EV charging stations: Designed right, they can lead to building energy savings

By Mike Lawless and Zach Carter

One byproduct of the coming exponential growth of electric vehicles (EV) will be a growing demand for charging stations away from EV owners’ homes. Workplace parking lots and public parking garages will be ideal locations for these stations but building owners may find their infrastructure inadequate to support them.

Accommodating charging stations will become a long-term need in the AEC industry, and it will be critical for electrical infrastructure to be designed with the agility to respond to changes in technology. The infrastructure must allow for faster charging (increased capacity on the building system) and a greater quantity of charging locations. There also will certainly be an appeal from EV owners for the sustainable creation of the energy for their fuel, such as solar. Therefore, owners should evaluate their infrastructure for EV and solar simultaneously. Industry standards to make buildings EV- and solar-ready are easily accessible and simple to implement.

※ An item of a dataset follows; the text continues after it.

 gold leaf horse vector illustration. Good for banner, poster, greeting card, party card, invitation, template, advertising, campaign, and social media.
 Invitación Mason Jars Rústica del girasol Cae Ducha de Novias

At the electrical utility level, integrating fast charging of electric cars will add to the demand on an already taxed electrical grid. Initially, this additional power may have to be provided by non-sustainable sources such as gas- and coal-powered plants—dirtier sources of power that will offset some of the environmental benefit of electric cars. This will not be the case in the future, however, as decarbonization of the grid continues to take hold. In addition, we will adapt how and when we charge vehicles as well as how we utilize the megawatt hour (MWH) of battery power that exists in electric vehicles.

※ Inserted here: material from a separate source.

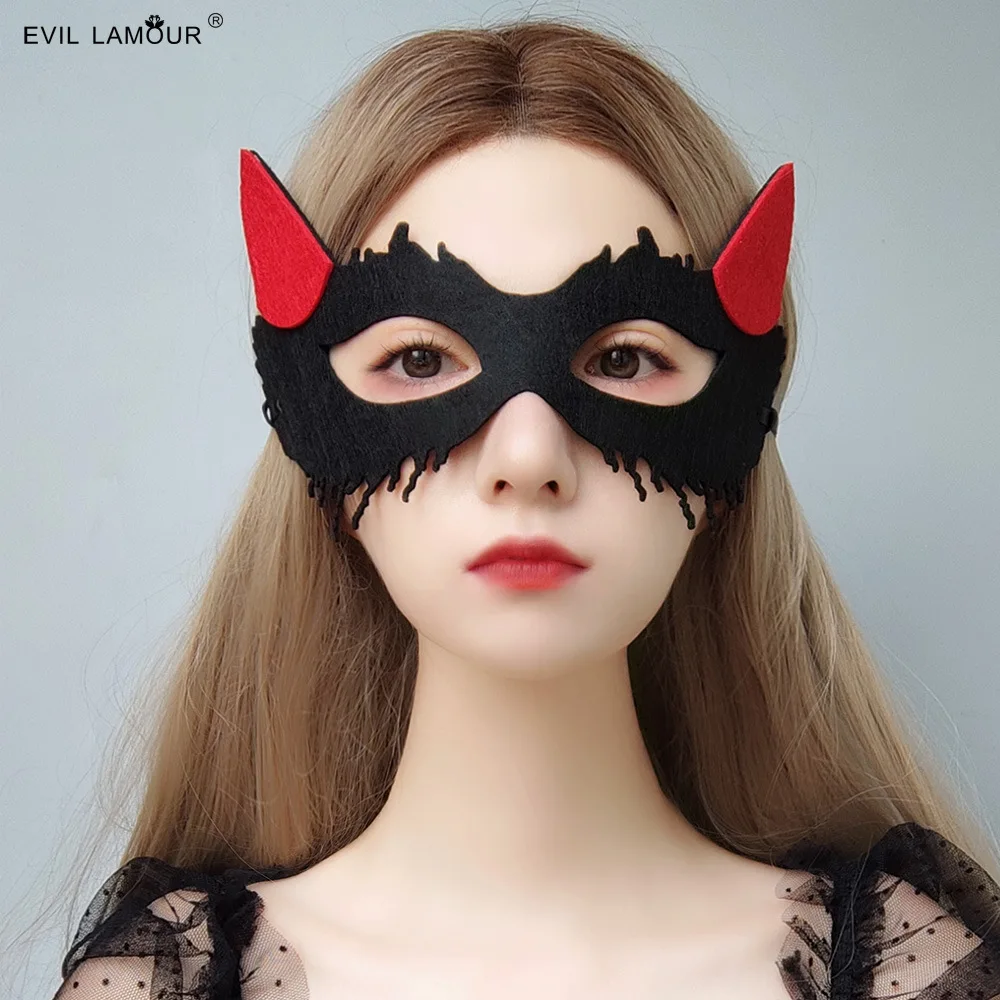 Princess Gothic lolita mask Halloween devil horn mask half face fox mask performance diffuse exhibition accessories MJ-119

The future holds many opportunities as the vehicle fleet is electrified. Imagine charging electric vehicles during the day from renewable sources and then using a portion of that energy to supplement home energy use in the morning and evenings. Moving renewable energy to time periods when PV is not available to meet demand makes the grid more efficient and renewable.

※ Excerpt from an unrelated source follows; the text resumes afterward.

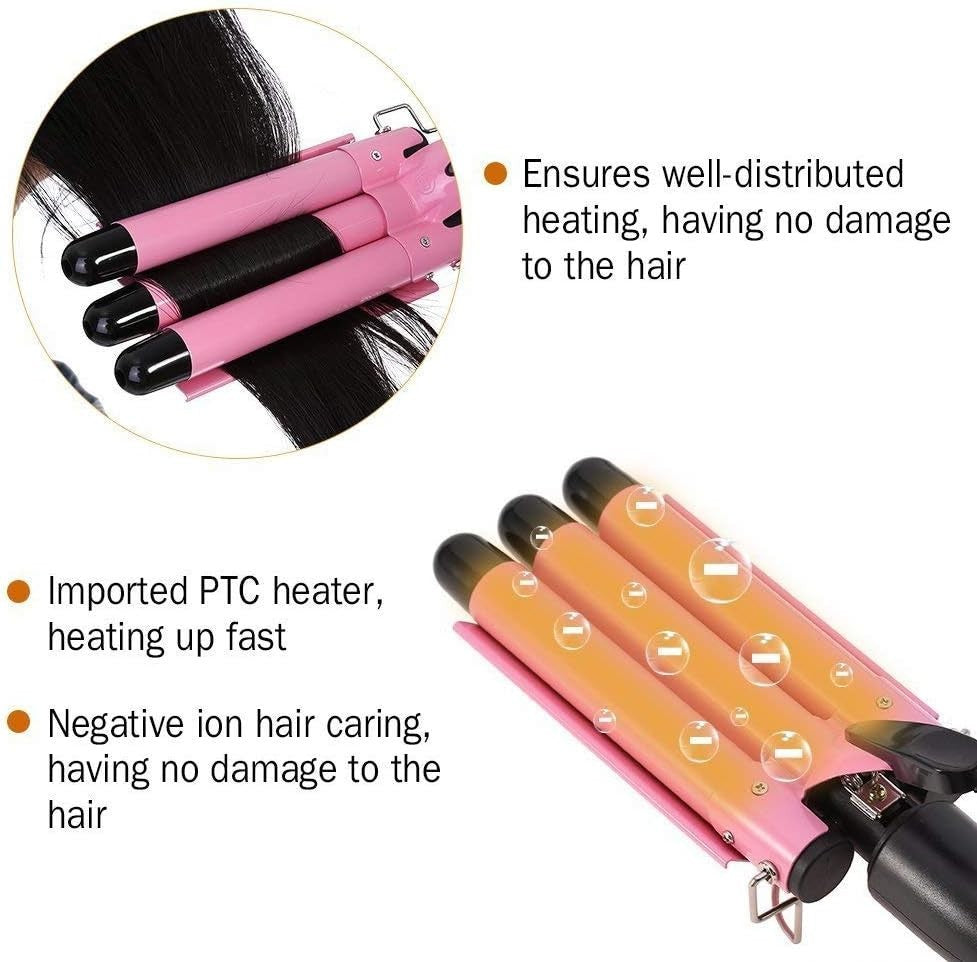 Ceramic 3 Barrel Curling Iron for Waves - Adjustable Temp & Fast Heat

The technology to utilize electrical vehicles as a sink or source for home energy is already becoming available to U.S. homeowners and could expand to commercial applications. An electrical vehicle parking garage, for example, could be a renewable power storage source/sink that supports maximum efficiency for a portfolio of buildings. It could simultaneously provide a source of revenue for the owner and an added amenity to attract tenants.

Energy storage—whether in the form of electric vehicle batteries or building-scale energy storage—will be part of the solution for optimizing renewable energy usage and should be considered when designing charging stations. Doing so will not only support the vehicles of the future but also positively impact the environment as a whole—something 50-year-old electrical technology and design cannot accomplish.